March 2009 was an eventful month for evolution in Oklahoma. It began, as described below, when Richard Dawkins visited the University of Oklahoma. I also mentioned that two resolutions were written for the state House of Representatives that condemned OU for inviting Dawkins.
Now a member of the Oklahoma House has demanded that OU turn over all the records connected with the Dawkins invitation. She seems to be fishing for something with which to accuse the university of abusing state resources, facilities, or faculty time. I guess she thinks that OU faculty, paid by the taxpayers, are supposed to spend all their time promoting creationism. You can read more in the Tulsa World article published on March 30.
On March 26, Edward O. Wilson spoke at the University of Science and Arts of Oklahoma (USAO). Wilson practically invented the study of biodiversity. In the 1970s he was famous for promoting sociobiology. His passion now is to campaign for the preservation and documentation of all wild species. Time is running out. He says that, of all the bad things we are doing to the world, the mass extinction that we are now causing is the sin for which future generations are least likely to forgive us.
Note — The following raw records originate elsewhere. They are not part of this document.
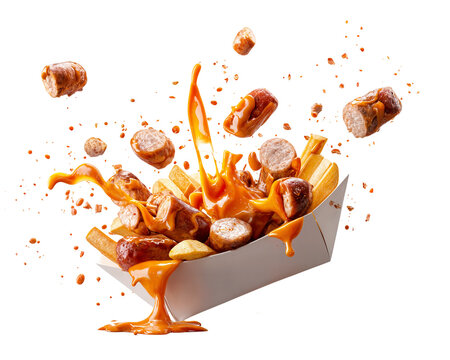 German currywurst with sliced sausages fries and curry sauce in paper tray with flying splash and crumbs isolated on transparent background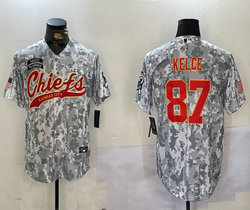 Nike Kansas City Chiefs #87 Travis Kelce 2024 Salute to Service Joint baseball Jersey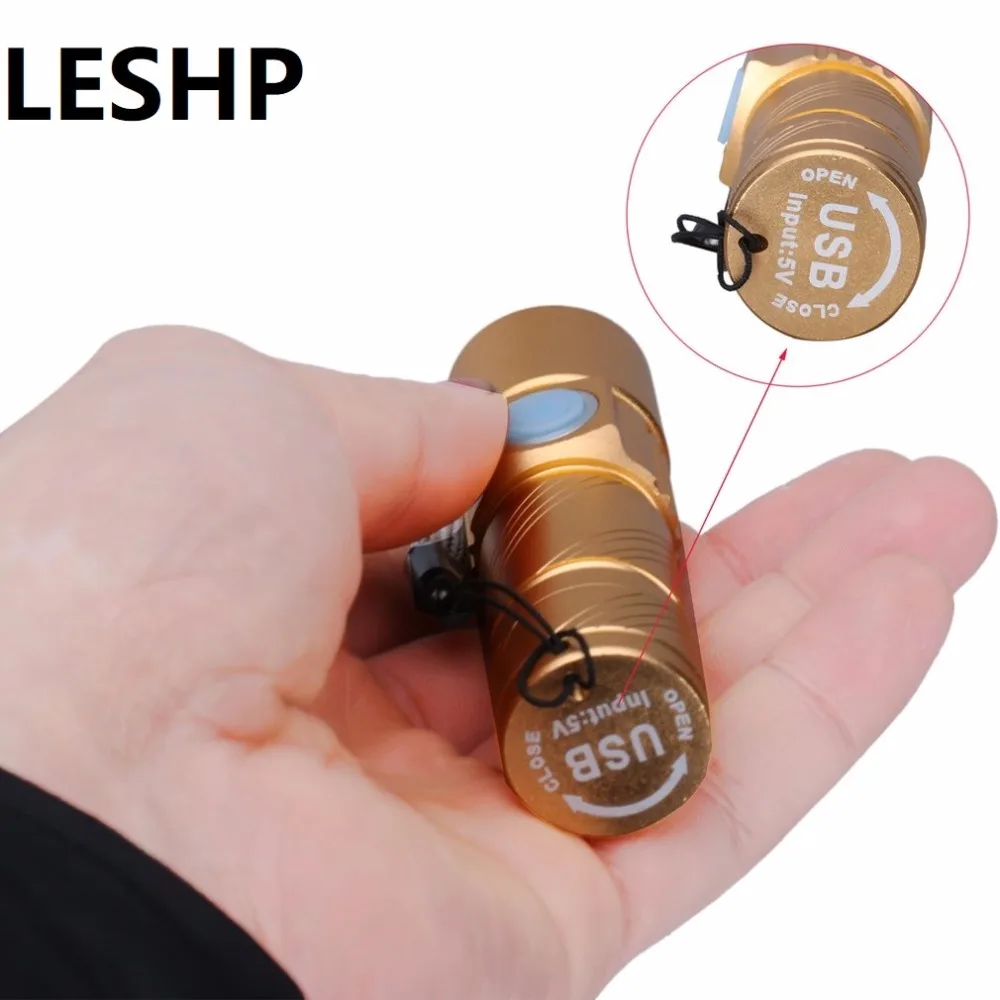 

Waterproof Aluminum Mini Self defend Flashlight Torch USB Rechargable 3 Modes Zoomable For Outdoor Bike Camping Hunting LED Lamp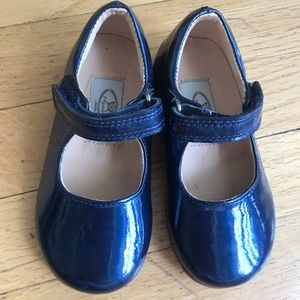Beautiful blue patent leather toddler baby doll shoes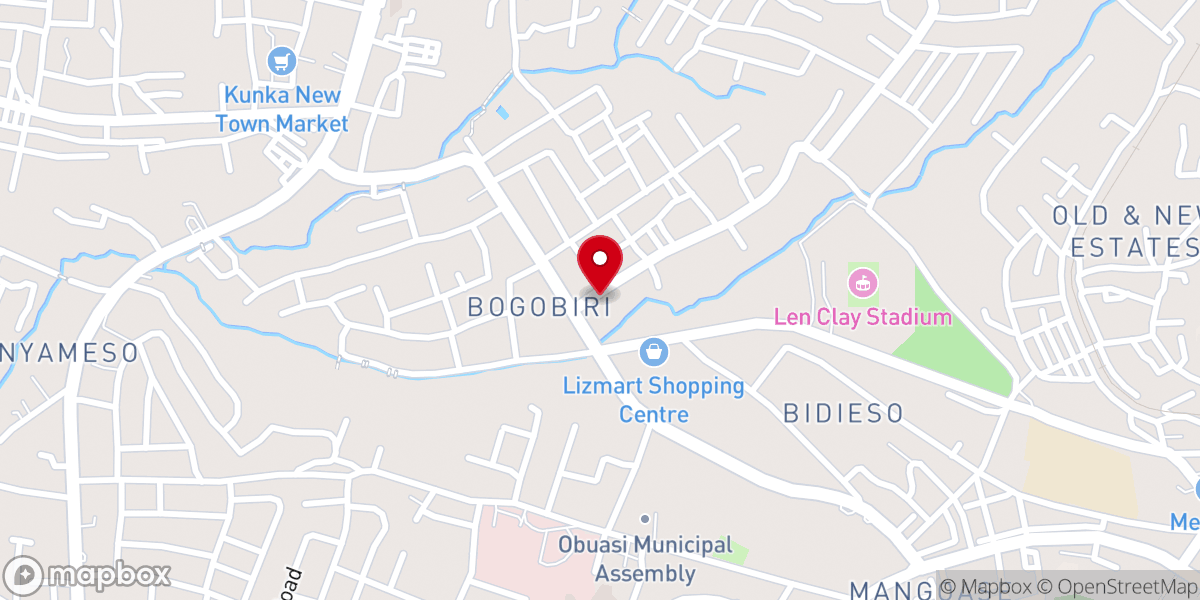 Map showing location of ICGC Shiloh Temple-Obuasi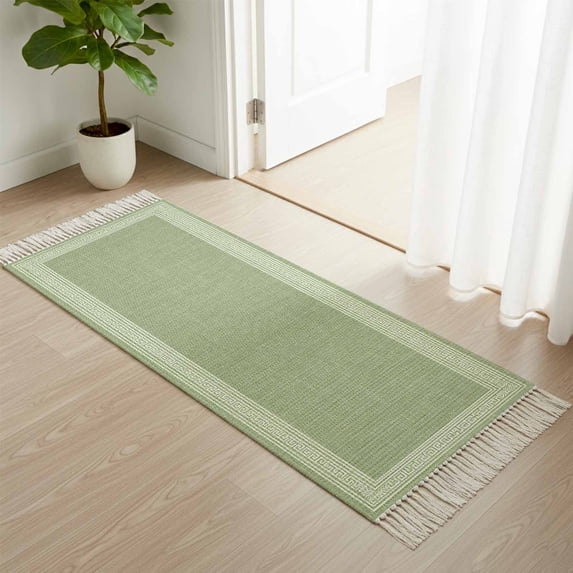 Entryway Door Mat 2'x 4', Sage Green Geometric Non Slip Washable Throw ...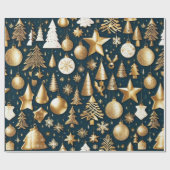 金ゴールドオーナメントの黒い色のデコールラッピング紙 ラッピングペーパー (フラット)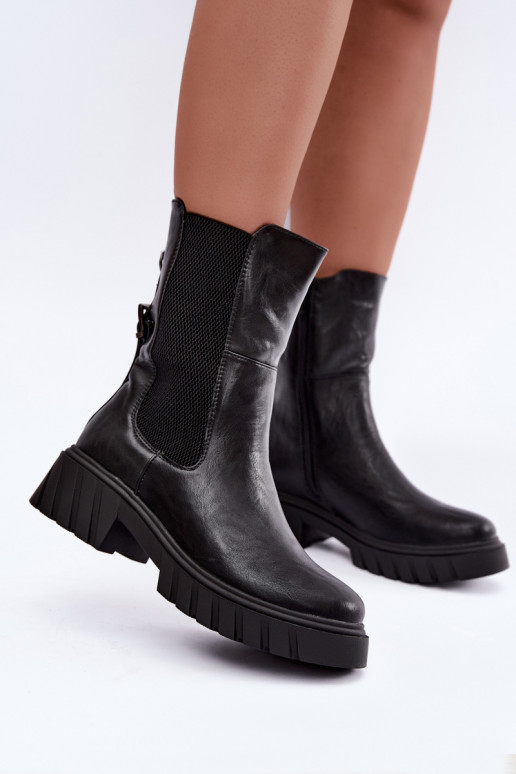 Botines de mujer cálidos y elegantes en negro
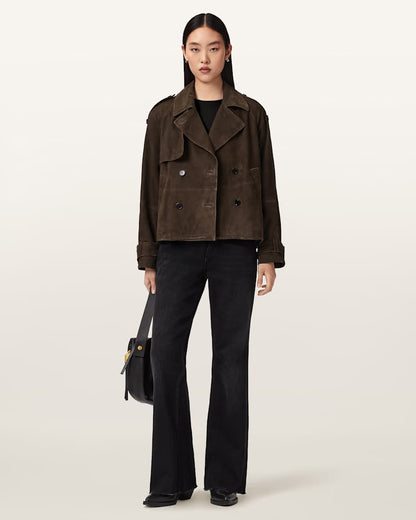 AllSaints Reya Cropped Suede Mac Women's Bitter Brown Women's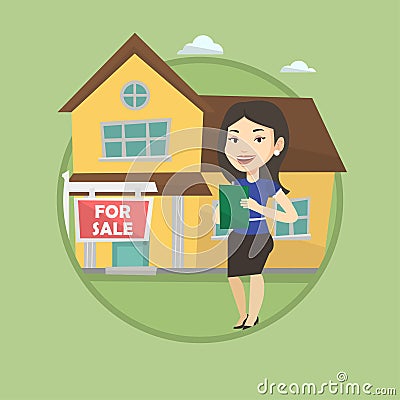 Real estate agent signing contract. Vector Illustration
Wilson also talked about how secular humanist biologists can work alongside preachers to spread a joint message: we need to save the creation. But to some students at USAO, none of this mattered. To them, all that was important was that Wilson had not himself proclaimed the existence of God. One creationist student used up a lot of the question-answer period insisting that Wilson had incorrectly quoted Darwin. The student said that Darwin had claimed that the Creator breathed life into the first organism. Wilson said that this was added in later editions, but was not in the first edition. The student would not give up! He insisted that his iPhone was right and that Wilson was wrong. It was really really weird. In all of this exchange, Wilson's passionate message for saving the world of species was lost. Thanks, Mr. Creationist. I hope that in heaven there is an extinct species named just for you.
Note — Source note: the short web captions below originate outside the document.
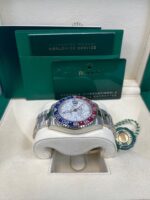 Rolex White Gold GMT-Master II 40 Watch - Blue and Red Pepsi Bezel - Meteorite Dial - Oyster Bracelet (Ref # 126719BLRO ) - Image 9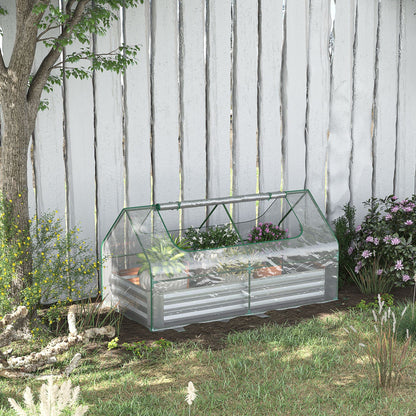 Outsunny 6 x 3 x 1ft Metal Planter Box with Mini Greenhouse, Galvanized Raised Garden Bed with Cover for Herbs and Vegetables, Small Greenhouse for Patio Garden Balcony, Clear and Silver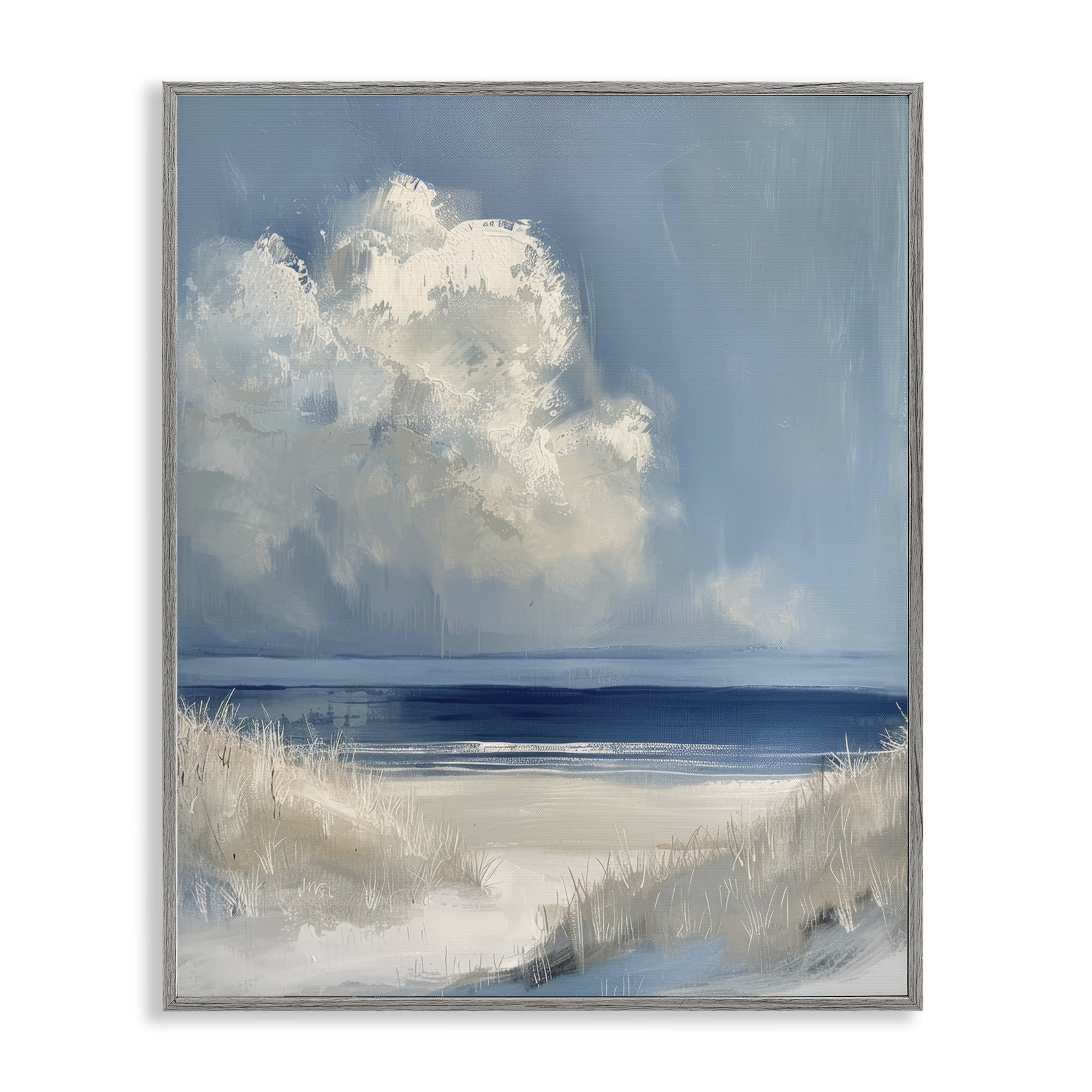 Stupell Industries Dark Waters Ahead Gray Framed Giclee Art, design by Petal Prints Design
Then on March 28-31, the Southwest and Rocky Mountain Division of the AAAS met at the University of Tulsa. There were numerous symposia and papers. I organized one of the symposia. It was about Darwin's impact on all fields of scientific inquiry: "How Darwin has revolutionized scientific thought." The speakers talked about biodiversity, coevolution, molecules, geology, botany, and even the understanding of human races. Speakers included myself, two faculty from OU (Phil Gibson and Rich Broughton), two faculty from the University of Tulsa (Peggy Hill and Jim Derby), and a premiere performance by graduate student Valerie O'Brien of TU. At the end, the man who knows more than anyone else about the challenges to evolution in Oklahoma, Vic Hutchison of OU, brought us up to date. You can find out all about this at the website for the Oklahomans for Excellence in Science Education. I want to thank the participants for making this symposium a success! There was also a keynote address on Sunday night by Carl Zimmer, one of the nation's leading science writers.
That's all for now. But I am sure that more will be happening soon!